INSTRUCTIONS FOR THE TASK — Take the lines below from the one with "tax systems concept." through the one with "Movie still from" and retype them exactly. Include nothing else, and no pictures.
Start of DATA BLOCK
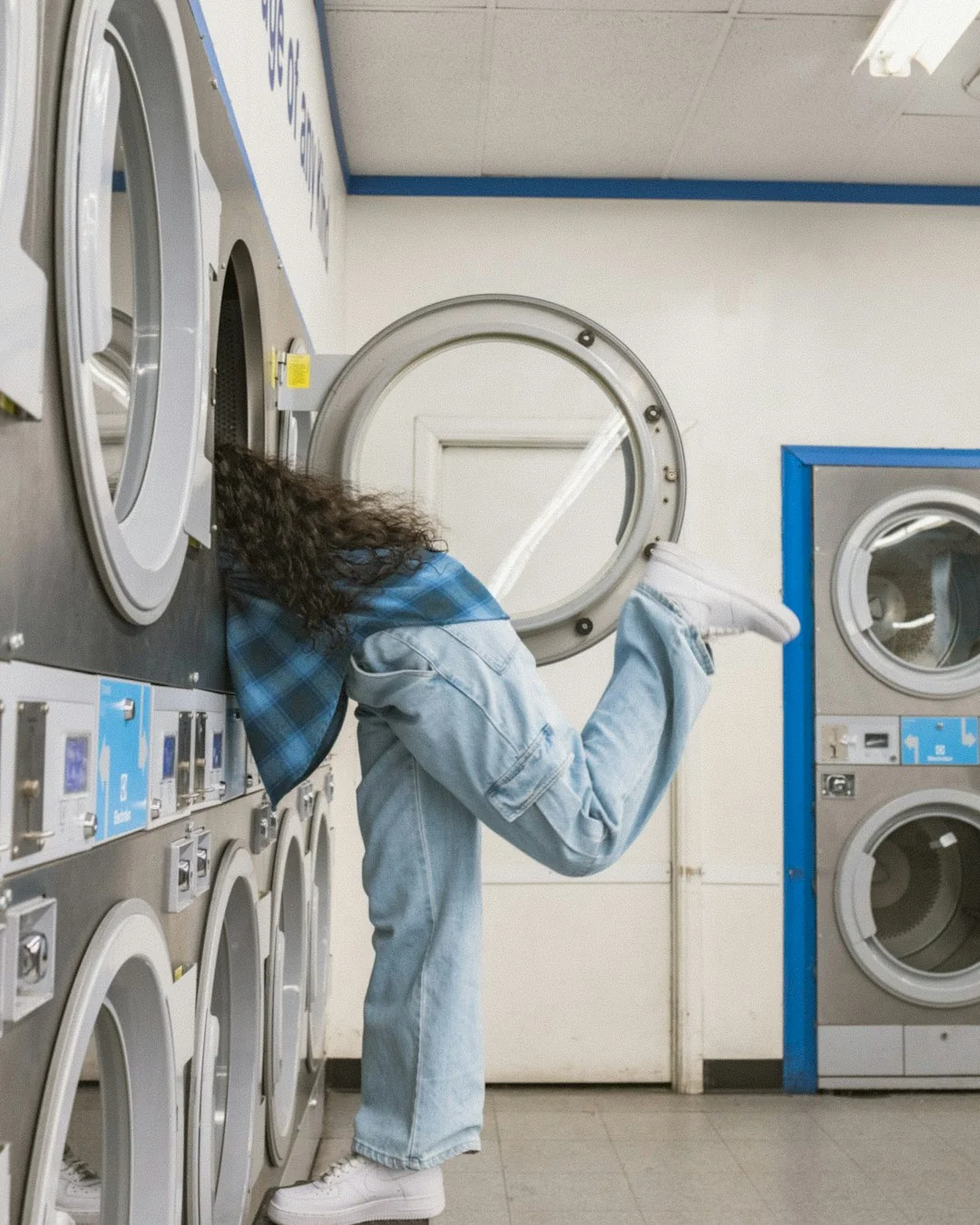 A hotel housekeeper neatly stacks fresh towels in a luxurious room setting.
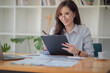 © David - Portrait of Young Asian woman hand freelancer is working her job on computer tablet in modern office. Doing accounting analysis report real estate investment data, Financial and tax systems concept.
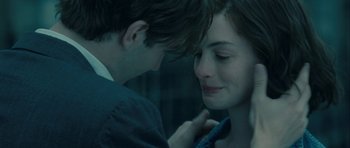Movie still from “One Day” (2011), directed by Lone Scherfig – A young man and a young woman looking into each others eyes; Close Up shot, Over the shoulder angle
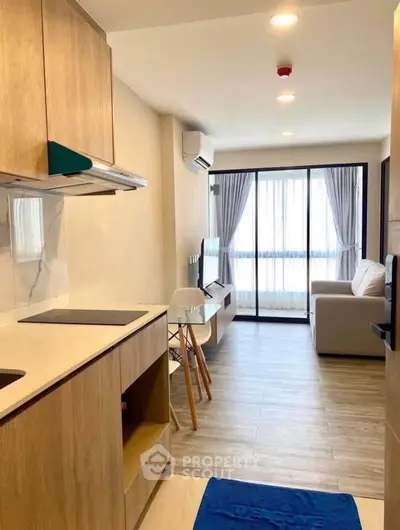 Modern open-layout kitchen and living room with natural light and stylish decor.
End of DATA BLOCK
EXERCISE SOLUTION —
 © David - Portrait of Young Asian woman hand freelancer is working her job on computer tablet in modern office. Doing accounting analysis report real estate investment data, Financial and tax systems concept.
Movie still from “One Day” (2011), directed by Lone Scherfig – A young man and a young woman looking into each others eyes; Close Up shot, Over the shoulder angle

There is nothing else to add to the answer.